§ **MATERIAL FOR THE TASK**

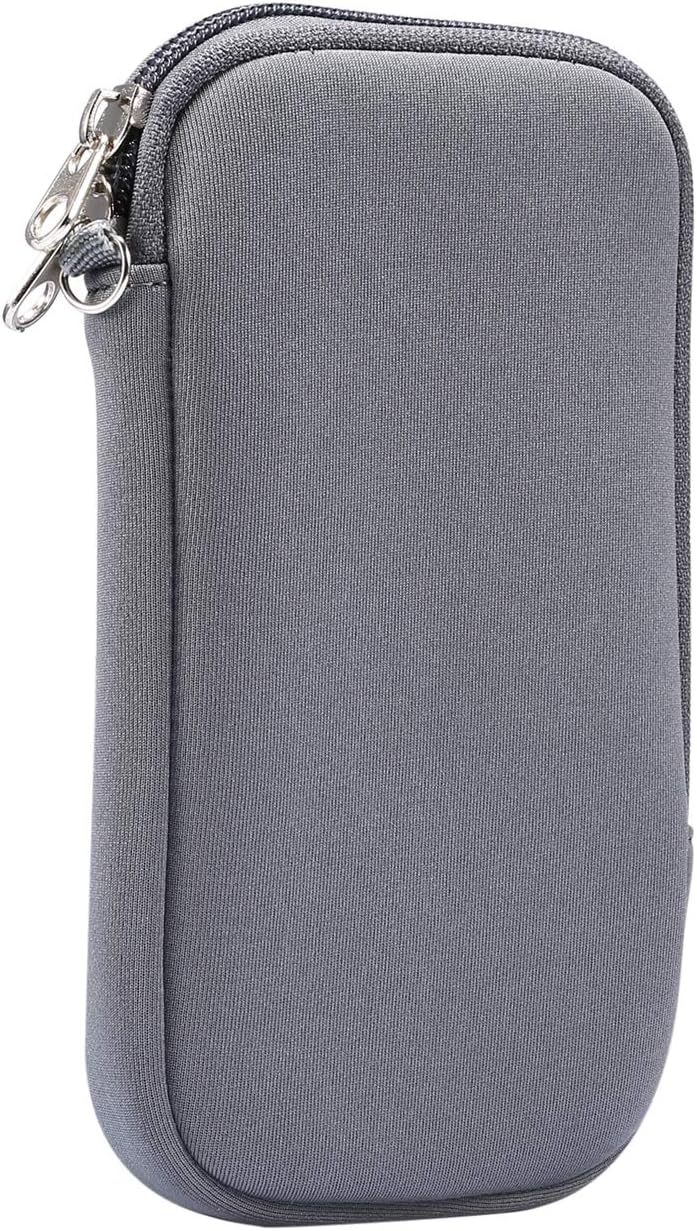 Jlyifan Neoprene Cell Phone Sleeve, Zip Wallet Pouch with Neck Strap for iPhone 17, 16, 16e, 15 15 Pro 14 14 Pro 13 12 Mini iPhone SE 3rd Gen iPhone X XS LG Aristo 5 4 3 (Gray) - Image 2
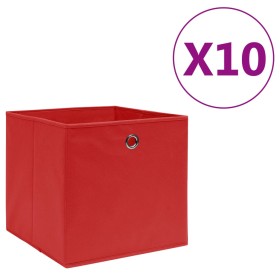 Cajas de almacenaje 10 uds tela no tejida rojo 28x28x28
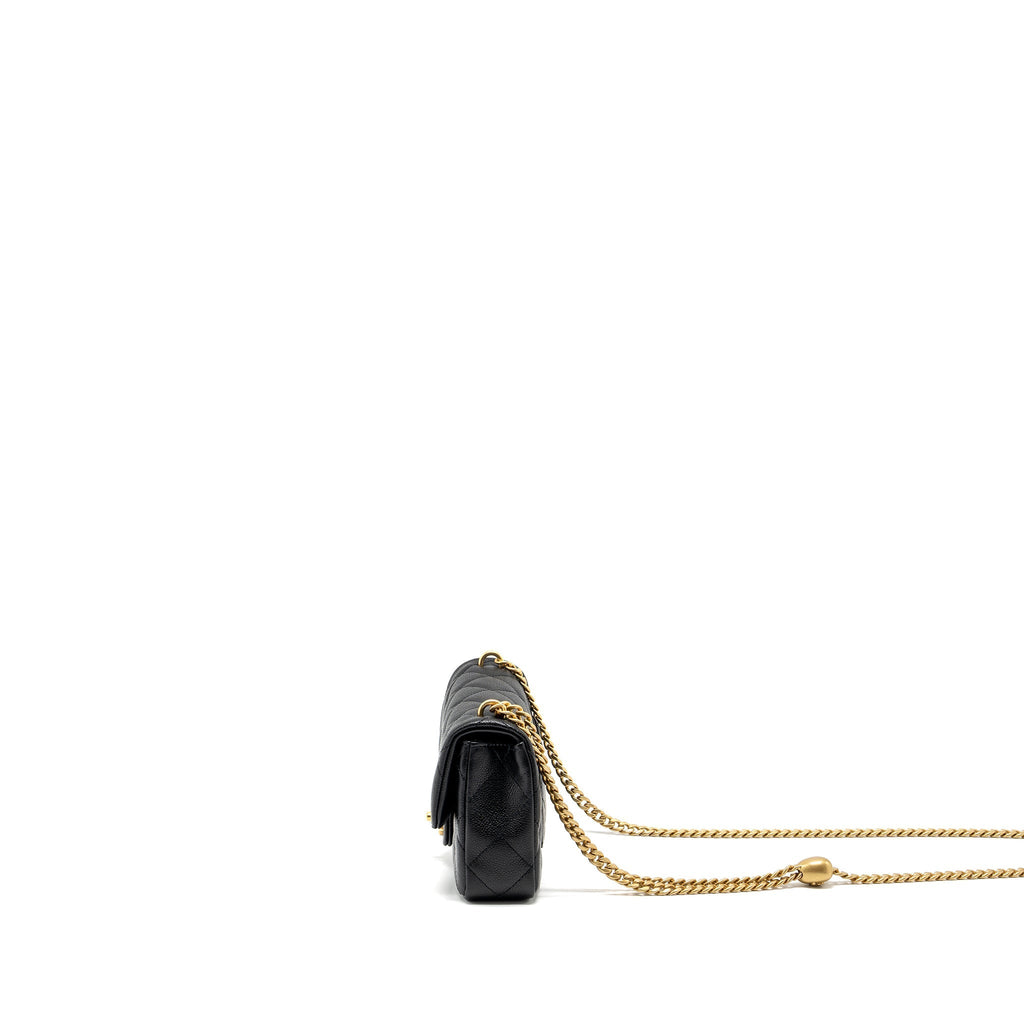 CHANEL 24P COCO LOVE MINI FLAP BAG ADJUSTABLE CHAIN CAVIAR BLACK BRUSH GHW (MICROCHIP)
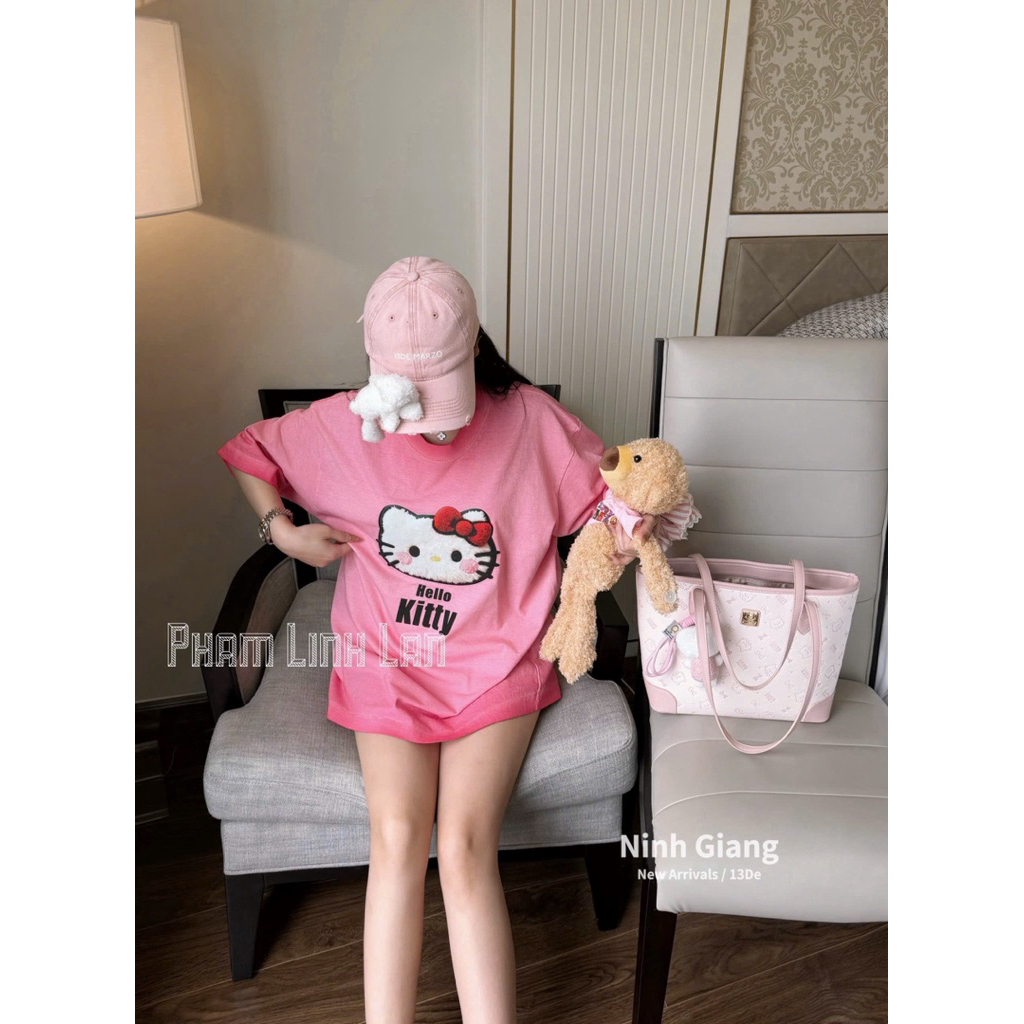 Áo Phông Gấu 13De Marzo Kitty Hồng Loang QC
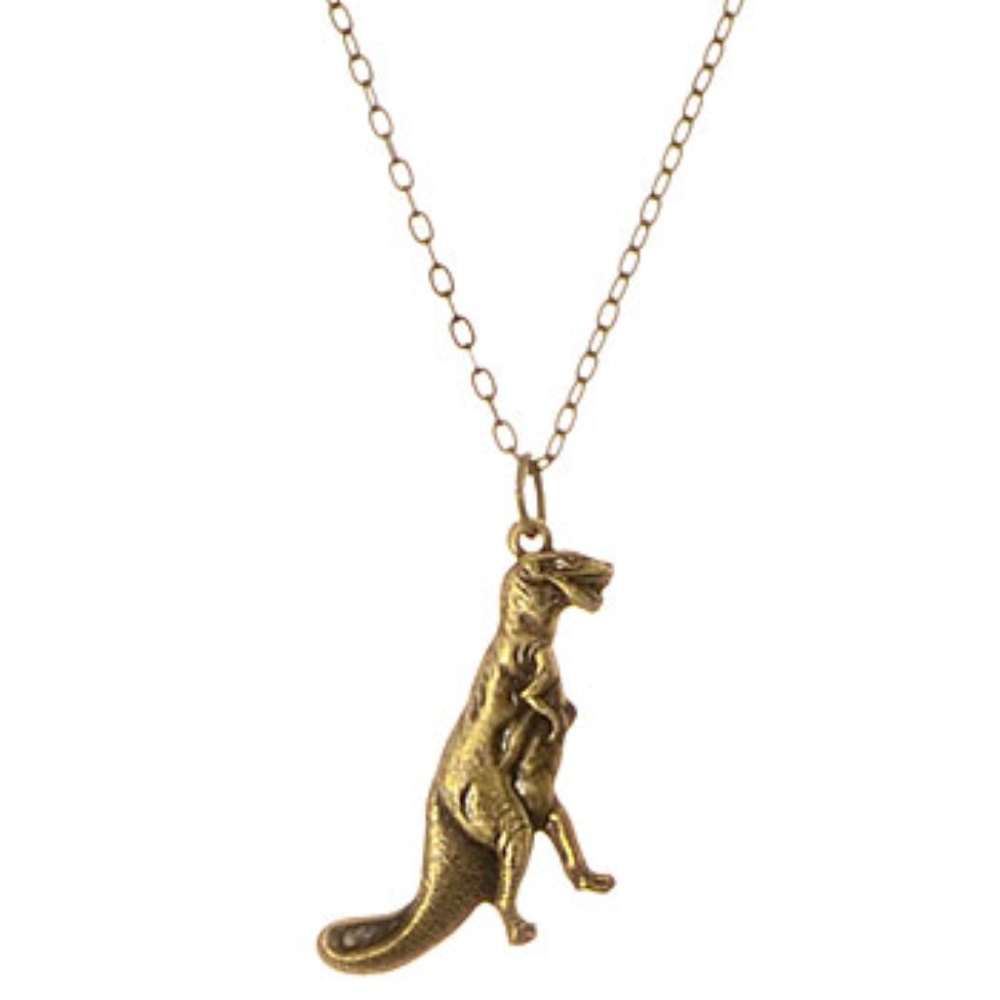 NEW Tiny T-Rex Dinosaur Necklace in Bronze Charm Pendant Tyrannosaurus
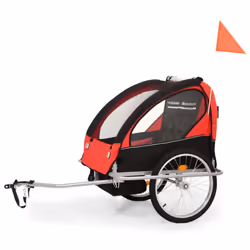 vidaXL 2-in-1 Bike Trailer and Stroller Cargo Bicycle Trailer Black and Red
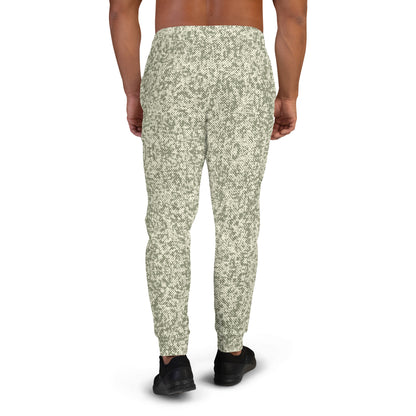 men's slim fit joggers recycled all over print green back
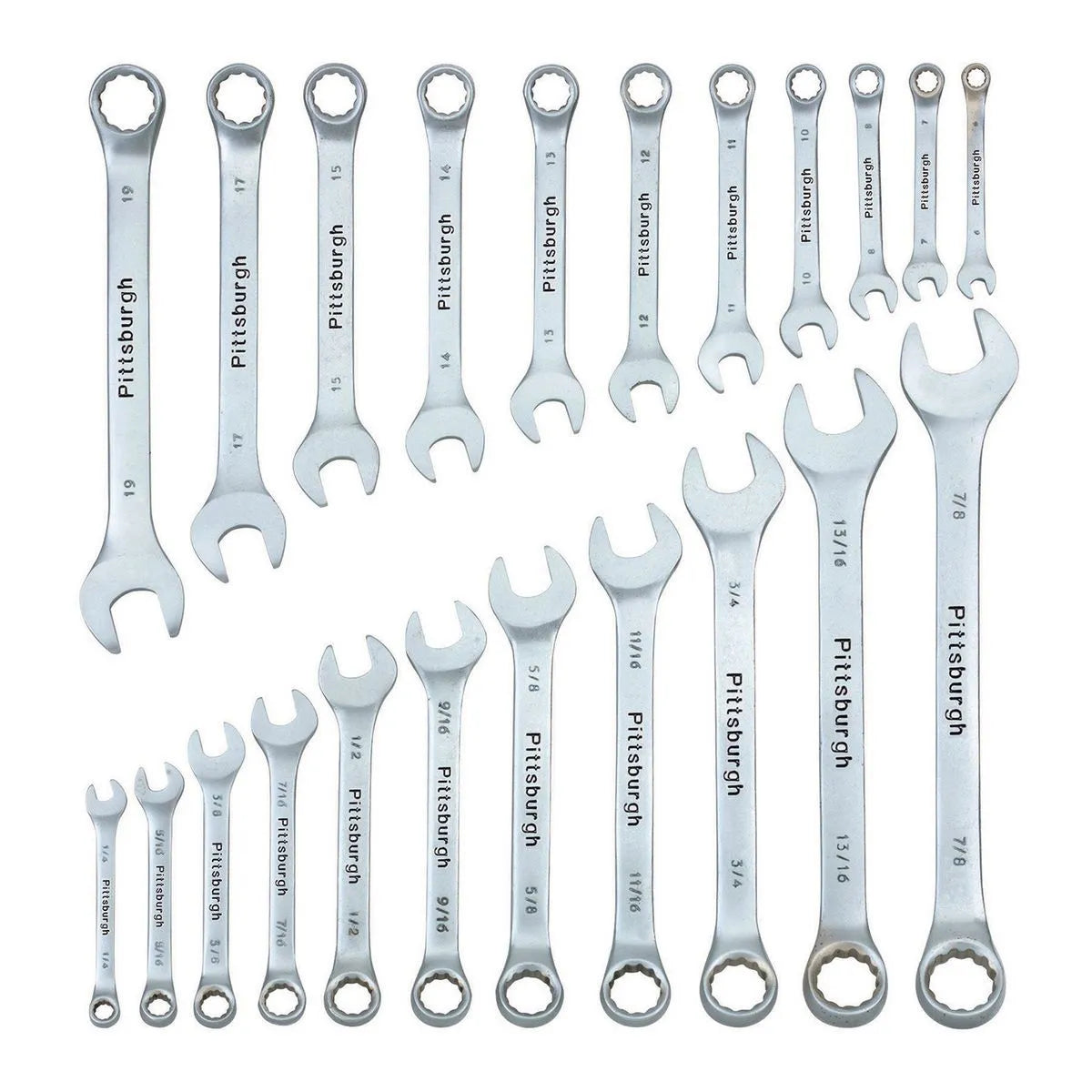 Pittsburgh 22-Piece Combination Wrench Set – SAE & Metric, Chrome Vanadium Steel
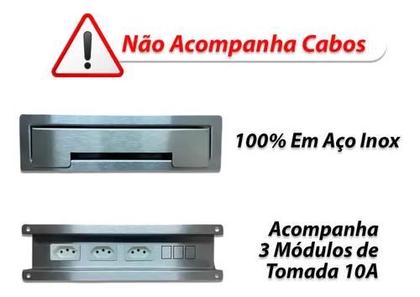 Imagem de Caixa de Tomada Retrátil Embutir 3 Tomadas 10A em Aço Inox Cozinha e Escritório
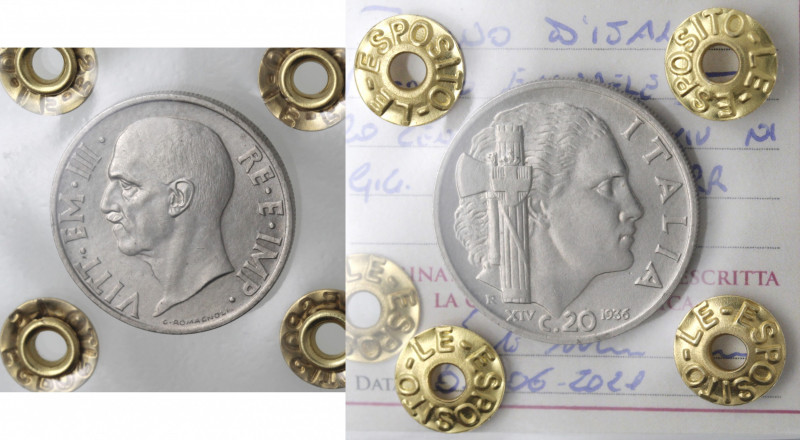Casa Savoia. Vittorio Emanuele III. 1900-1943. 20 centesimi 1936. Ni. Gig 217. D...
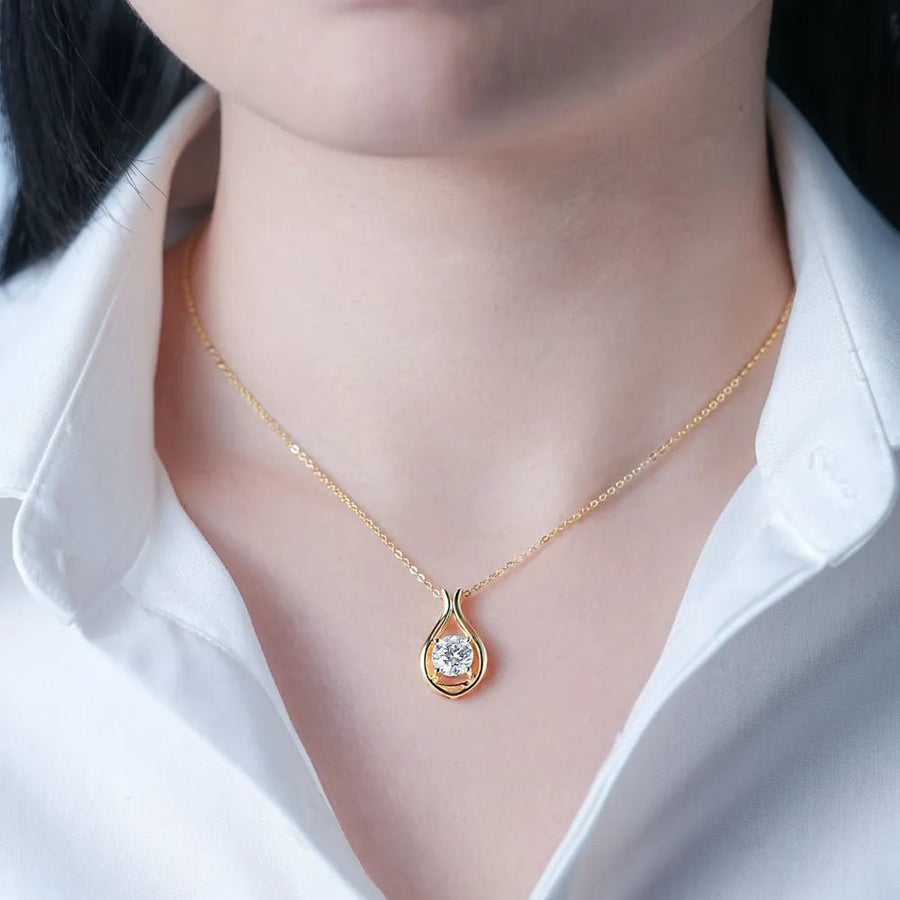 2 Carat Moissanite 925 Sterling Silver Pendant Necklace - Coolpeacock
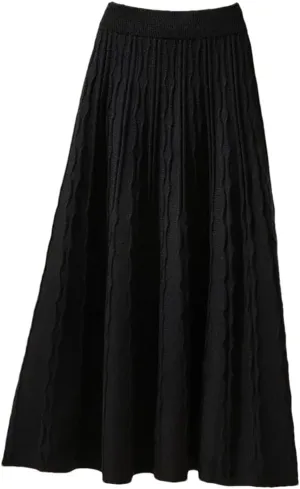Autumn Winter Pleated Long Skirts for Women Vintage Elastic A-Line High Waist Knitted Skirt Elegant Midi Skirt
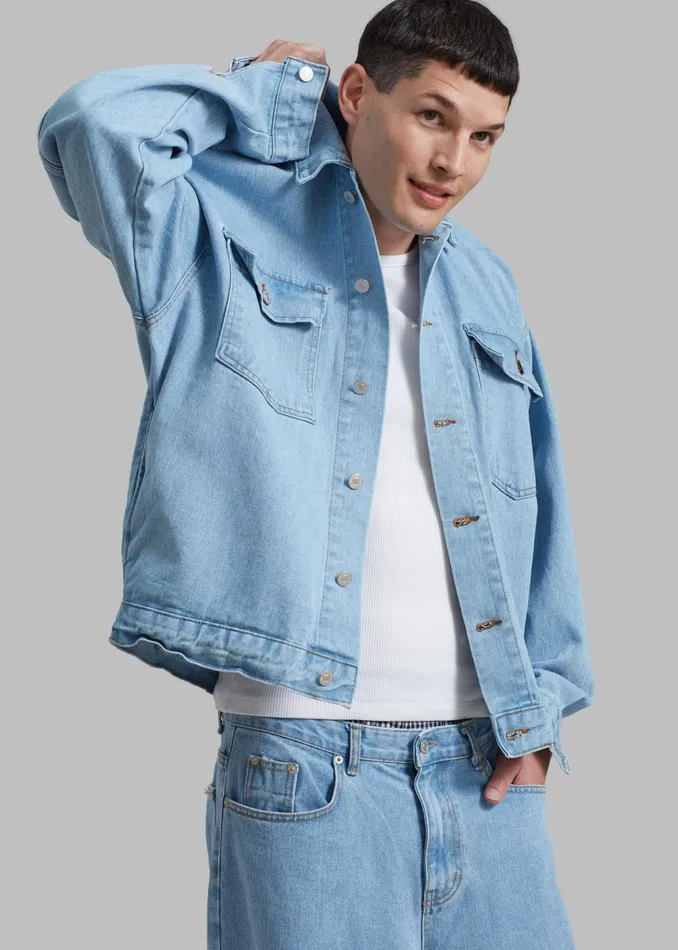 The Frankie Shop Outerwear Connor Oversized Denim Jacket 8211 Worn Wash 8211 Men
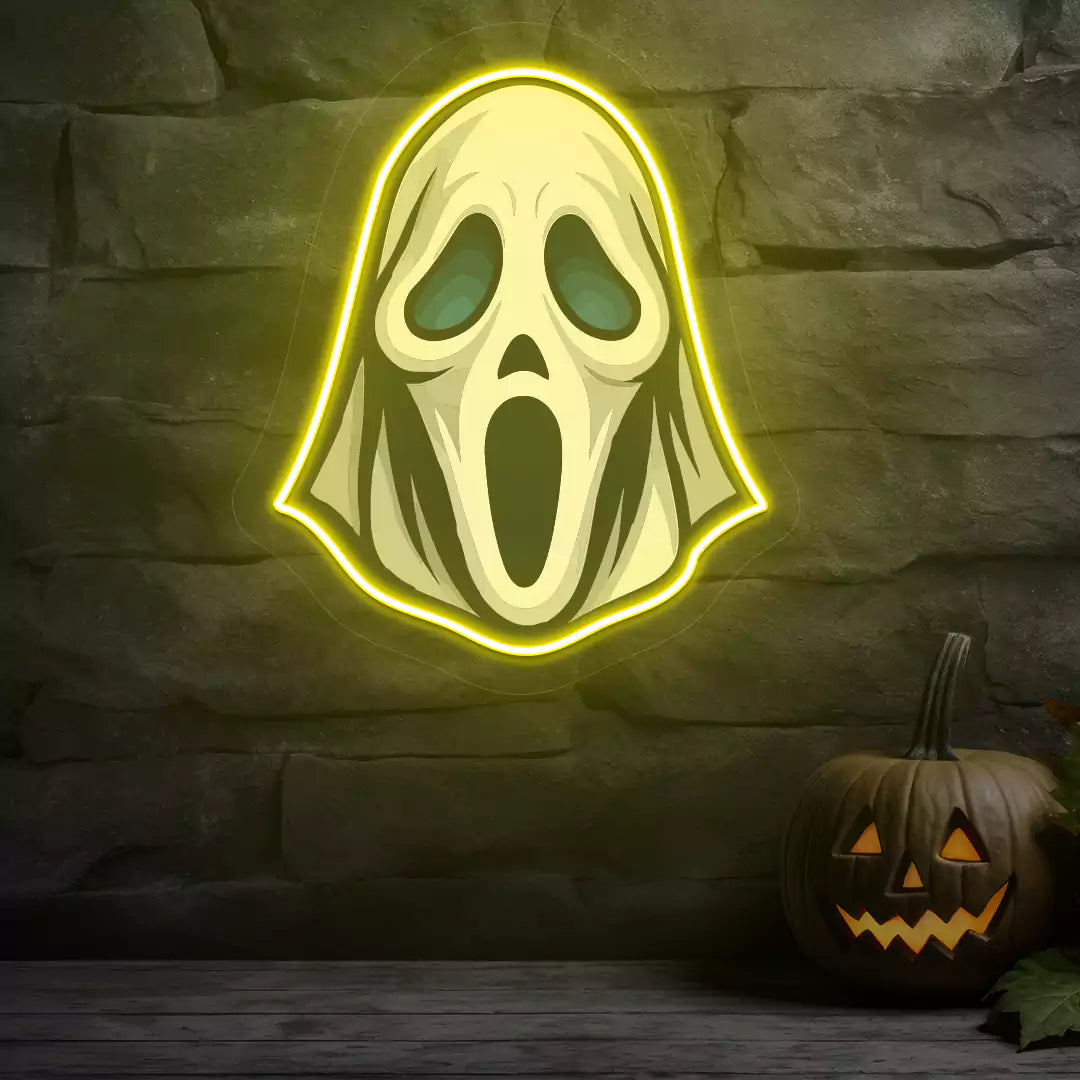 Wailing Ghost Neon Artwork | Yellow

§ **TASK ITEM**
Once the pictures are set aside, copy the remaining text of every entry exactly.

§ **RESPONSE FOR THIS EXERCISE**
 Jlyifan Neoprene Cell Phone Sleeve, Zip Wallet Pouch with Neck Strap for iPhone 17, 16, 16e, 15 15 Pro 14 14 Pro 13 12 Mini iPhone SE 3rd Gen iPhone X XS LG Aristo 5 4 3 (Gray) - Image 2
 Cajas de almacenaje 10 uds tela no tejida rojo 28x28x28
 CHANEL 24P COCO LOVE MINI FLAP BAG ADJUSTABLE CHAIN CAVIAR BLACK BRUSH GHW (MICROCHIP)
 Áo Phông Gấu 13De Marzo Kitty Hồng Loang QC
 NEW Tiny T-Rex Dinosaur Necklace in Bronze Charm Pendant Tyrannosaurus
 vidaXL 2-in-1 Bike Trailer and Stroller Cargo Bicycle Trailer Black and Red
 men's slim fit joggers recycled all over print green back
 Pittsburgh 22-Piece Combination Wrench Set – SAE & Metric, Chrome Vanadium Steel
 Imagem de Caixa de Tomada Retrátil Embutir 3 Tomadas 10A em Aço Inox Cozinha e Escritório
Casa Savoia. Vittorio Emanuele III. 1900-1943. 20 centesimi 1936. Ni. Gig 217. D...
 2 Carat Moissanite 925 Sterling Silver Pendant Necklace - Coolpeacock
Autumn Winter Pleated Long Skirts for Women Vintage Elastic A-Line High Waist Knitted Skirt Elegant Midi Skirt
 The Frankie Shop Outerwear Connor Oversized Denim Jacket 8211 Worn Wash 8211 Men
 Wailing Ghost Neon Artwork | Yellow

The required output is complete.